November has always been a battleground-month in the videogame industry, and this year’s holiday rush is more important to Microsoft and Sony than any of the last 5 years combined. Analysts favor each console, depending on who you are reading at the time, and each hardware specification and minute detail has been compared, marketed, and flaunted, ever since the moment that each of the consoles were announced.
A look inside the two consoles offers up more similarities than differences. Though each of the consoles stand apart, looking at the actual architecture on which they are designed, they are both running on a CPU and an eight-core graphics processor that were both made by AMD. There are differences to be seen however, and they could stand to make quite a difference in performance if they are utilized properly by developers.
The PS4 can pump-out 1.84 trillion operations p/sec, while the Xbox One clocks in at 1.30 teraflops. A difference of .54 is substantial, but will only make a subsequent difference if it’s utilized correctly by the game’s development team. Developing games is a long and tedious affair, and porting one game to the next platform is costly, and can invoke a series of bugs and mishaps in the process. It is because of this that developers usually develop a baseline, in this case, that baseline would be to use a sizable portion of Xbox One’s hardware. The only time that you will see a developer really aim to code for the PS4 baseline, with significant changes, would be if the game is a PS4 exclusive, or maybe it was made for the PS4 first then ported to Xbox One. Again this is costly, and to develop the same game, made to run equally on both consoles regardless of hardware changes, is the most efficient manner of development.
So what does that leave us with at the consumer level? Microsoft and Sony are faced with the same battle that Apple and Google have been fighting for years. The need to solidify a market-share, and make it too costly for a customer to change platforms. If you have an iPhone for a year, or a Google Nexus for a year, odds are you will have spent money on each of the App Stores. Leaving the brand at that point, means deserting your purchases, and that is something that no one wants to do.
Multiplayer gaming is even more important to gamers on consoles, when compared to phones. Friends like to play online with friends, and if you have a PS4 and your friends have an Xbox One, then you are isolated and alone. Since online gaming is kept so divided by your console choice, a choice that you are forced to make, then that really becomes the deciding factor when hardware doesn’t make the choice for you. Gamers that enjoy single-player games (or don’t have friends that play online) don’t experience this issue, but they are becoming more and more rare.
One of the largest advantages to playing multiplayer games on PS3, as opposed to playing to Xbox 360, was the fact that it was free. Microsoft requires a Xbox Live subscription to play games online on the Xbox 360, and will continue to do so on the Xbox One. The PS4 however will also require a PSN+ subscription to play online (except for free to play titles). This puts both services on par with one another, except that PS4 users won’t need a PSN+ subscription to use Netflix, Hulu and other video or online services.

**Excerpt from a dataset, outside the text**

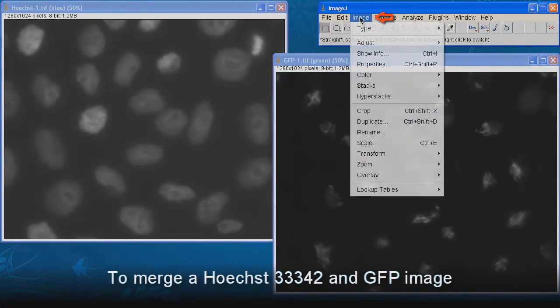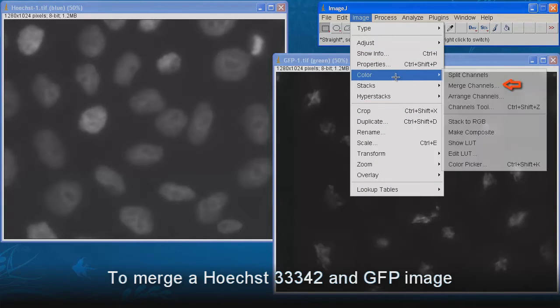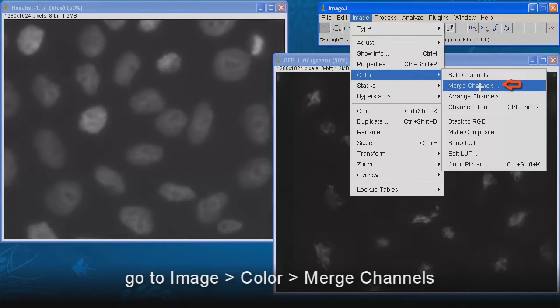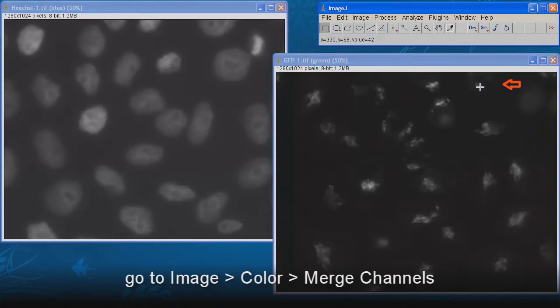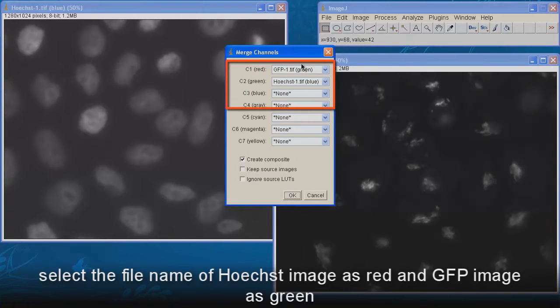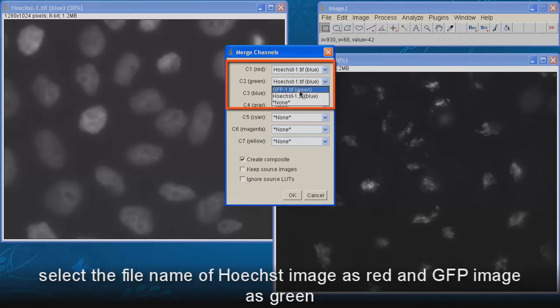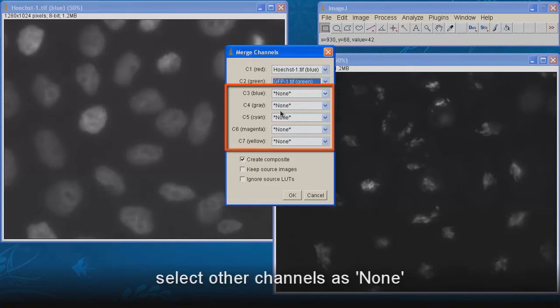To merge a Hoechst dye and GFP image, go to Image, Color, Merge Channels. A dialog window pops up. Select the file name of Hoechst image as red, and GFP image as green.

The platform that stands to gain the most ground in this battle are PCs. Microsoft and Apple are slowly starting to share a lot of titles, though Apple still has a lot of ground to cover before they are equal by any means. Where they differ is the exclusivity, and that is allowing more games and platform choices to become available to the consumer. Games like Guild Wars 2, made for each console and sharing servers for both platforms to play with another, is just one example of how PC gaming is still more advanced than console gaming. Sony and Microsoft publish games however, and this allows indie-gamers a chance they would normally never have, to make games. The developers at thatgamecompany turned a three-game deal with Sony into a launching pad to becoming a privately published game development company themselves. That is something that would probably never have happened if it wasn’t for Sony securing the games, and offering the funding and support to publish them.
A new generation of consoles is the perfect time to switch sides, if you were planning on doing so. We are quickly approaching the one-month mark for the console’s release, and although finding one will soon become impossible. You can still pre-order or become alerted of availability on consoles from services like Amazon, and be added to the list to get one as quickly as they come in.